We solved the problem with the emails by reconfiguring the authentication from our DNS to the DNS servers of CZ.NIC.
Adding to our original statement “Yes, it is a surprise that CZ.NIC’s DNS servers do not validate DNSSEC.” and clarification from CZ.NIC (April 21, 2017):
“Of course our DNS validates, in your case it worked partly because unbound by default (our case) holds expired signatures for 10% of the expiration-inception period. With a minimum time of one hour and a maximum time of 24 hours.

So I guess we can conclude from that that indeed for some time our ODVR did not return an error even though DNSSEC was expired.”
We apologize for the inaccurate wording. It was certainly nothing against CZ.NIC, but we are describing the whole situation.

Websites

.CZ domains that have DNS with DNSSEC set to DNSSEC appeared to be unavailable to a visitor whose resolver verifies the validity of DNSSEC. This affected an estimated 3-5% of visitors. These were visitors from the Czech Republic who use Google DNS, some visitors to the O2 and Vodafone networks and some other networks.

We arrived at this figure by comparing accesses from web hosts from the logs of our DDoS protection, which monitors the network in detail, and by comparing data transfers from our connectivity providers.

So it was not that everything was unavailable or that some requests were not going through, but that some domains were actually unavailable or less available from some networks, depending on which DNS servers a particular visitor used.

Traffic comparison

The following graph shows the total traffic from 16:00 on 3.4.2017 to 16:00 on 4.4.2017. At the top is incoming traffic from the Internet to us and at the bottom is outgoing traffic from us to the Internet (to visitors).

For comparison total traffic from 16:00 3.4.2017 to 16:00 6.4.2017.

As you can see on the graphs no big drops in traffic are visible during the incident. DDoS is not verified by most.

Of course, the overall operation includes web hosting, VPS, dedicated servers and WEDOS disk. That’s why we’ve also selected a chart of 88,000 pure NoLimit web hosts over IPv4 and IPv6 by type of communication. The chart covers the period from 16:00 on 3.4.2017 to 16:00 on 6.4.2017. Our DDoS protection can check and evaluate everything in real time in great detail.

Individual networks

We wrote that only some networks were affected by the unavailability. For comparison, here are the transfer charts from the biggest ones. This is the period from 16:00 3.4.2017 to 16:00 6.6.2017.

Telefonica Czech Republic, a.s. (O2)

UPC Liberty Global Operations B.V.

T-Mobile Czech Republic a.s.

Vodafone Czech Republic a.s.

What we’ve done to make sure it never happens again and planned improvements

We have improved the monitoring of similar situations and not only automatic checking but also regular human checking will be carried out.

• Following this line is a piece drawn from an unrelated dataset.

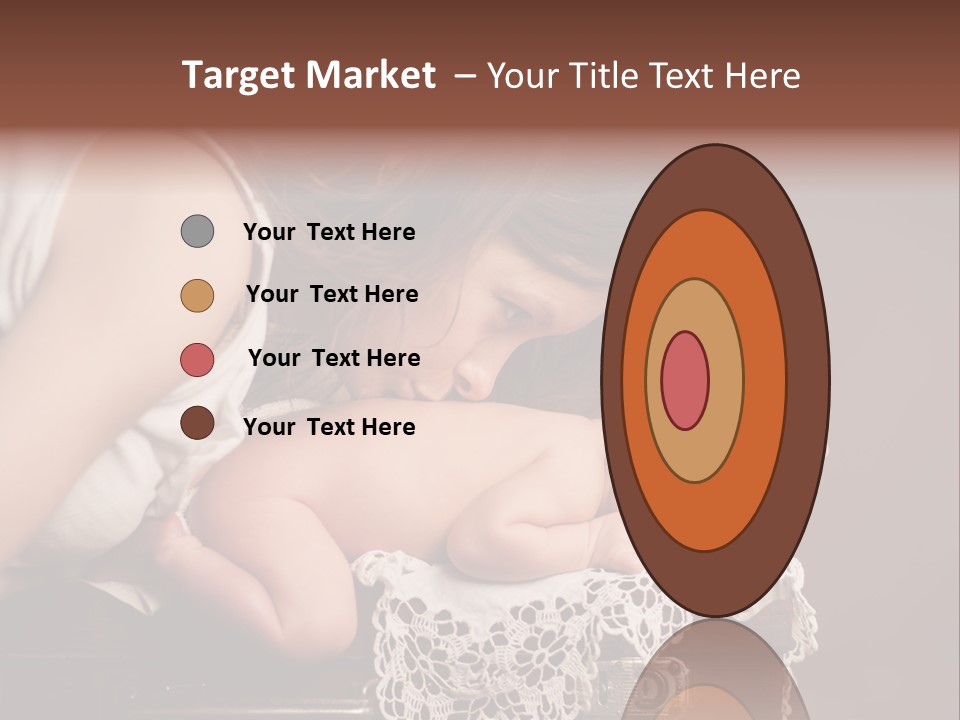 Human Skin Descendant Innocence PowerPoint Template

A faster zone file generator allows you to make changes to DNS faster.

We also plan to modify our web interface for emails so that some of the restrictions disappear. After all, once a user has logged into the web interface, it is not necessary to verify whether they are sending an email from the domain they are logged into. The goal is to achieve a state where you can send email through our web interface at all times.

Customer support

During the evening, our customer support was overloaded as they received several thousand emails and chats with requests related to the above problem.

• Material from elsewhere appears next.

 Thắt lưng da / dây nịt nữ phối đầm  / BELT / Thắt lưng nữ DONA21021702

If an operator cannot accept a chat due to having more open chats than they can handle, the communication will “drop” into requests after a certain period of time (similar to contact form messages). As soon as the operator has “free hands”, he goes through the requests and gradually answers them by email.

Colleagues dealt with the requests one by one and everything was dealt with during the night. In the morning we answered all the questions continuously.

Conclusion

Sorry for the complication. We have to admit that this was an unpleasant mistake and we were initially worried that the impact would be much more unpleasant than it ended up being. We have learnt from this unpleasant experience and will make some adjustments to prevent this from happening again.